Synced Report
Edited by: KingHZ
【Synced Report】Behind the ChatGPT 'simping' incident, it's revealed that current AI is still a 'black box'. A split in approaches regarding 'mechanistic interpretability' is tearing apart the core value consensus of AI research. Google backs down, Anthropic persists - Can AI still be 'understood'?
OpenAI only slightly upgraded ChatGPT-4o, but overnight, the AI's personality drastically changed, turning into a 'cyber simp'.
However, no one knows why this happened.
This precisely exposes the current fatal flaw of AI: lack of interpretability.
Discussions among experts about the research value of AI interpretability have recently become more intense.
Specifically, it's the debate between AI giants Google and Anthropic regarding 'mechanistic interpretability':
In March, Google DeepMind announced it would no longer prioritize 'mechanistic interpretability' as a research focus.
In April, Anthropic CEO Dario Amodei advocated for greater emphasis on 'mechanistic interpretability' research and expressed optimism about achieving 'AI's MRI' (i.e., deeply understanding AI's internal mechanisms) within the next 5 to 10 years.

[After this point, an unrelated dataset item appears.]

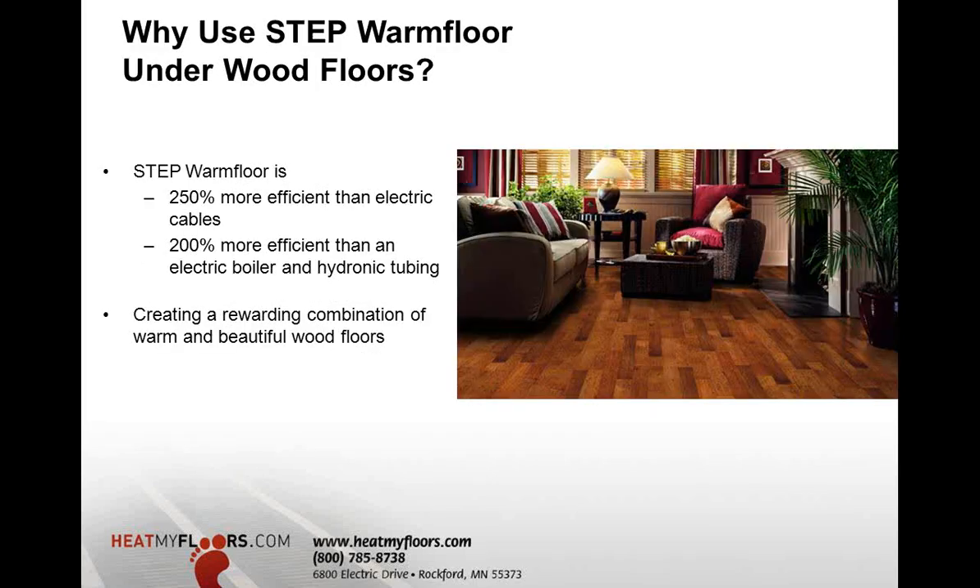Step Warm Floor offers that it can never get above 82 degrees — it's physically impossible for this product to exceed that temperature. By the time heat transfers through the hardwood — three-eighths to three-quarter inch — the temperature at the surface will be a nice, soothing 75 to 80 degrees in ideal situations. Step Warm Floor is also proven to be 250% more efficient than electric cables.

The goal of so-called mechanistic interpretability is to 'reverse-engineer' AI systems.
But over a decade of research results suggest that this approach may be difficult to truly implement, and all of this has been misled by imperfect foundational assumptions.
The Danger of Human Ignorance,
The Sword of Damocles of GenAI
Many risks and concerns related to GenAI are essentially triggered by the 'black box' nature of these algorithms' internal mechanisms.
If models were interpretable, these problems would be easier to solve.
But explainable AI is very difficult to research.
In a 2018 interview, Geoffrey Hinton compared explainable AI to the 'chicken or the egg' problem. At the time, he said:
Humans themselves often cannot explain how they make decisions most of the time. ... Neural networks have a similar problem. You give it an image, and it outputs a reasonable judgment, like determining if there is a pedestrian. But if you ask it 'Why did you make that judgment?', the problem is: if there were a simple rule for judging whether an image contains a pedestrian, the problem would have been solved long ago.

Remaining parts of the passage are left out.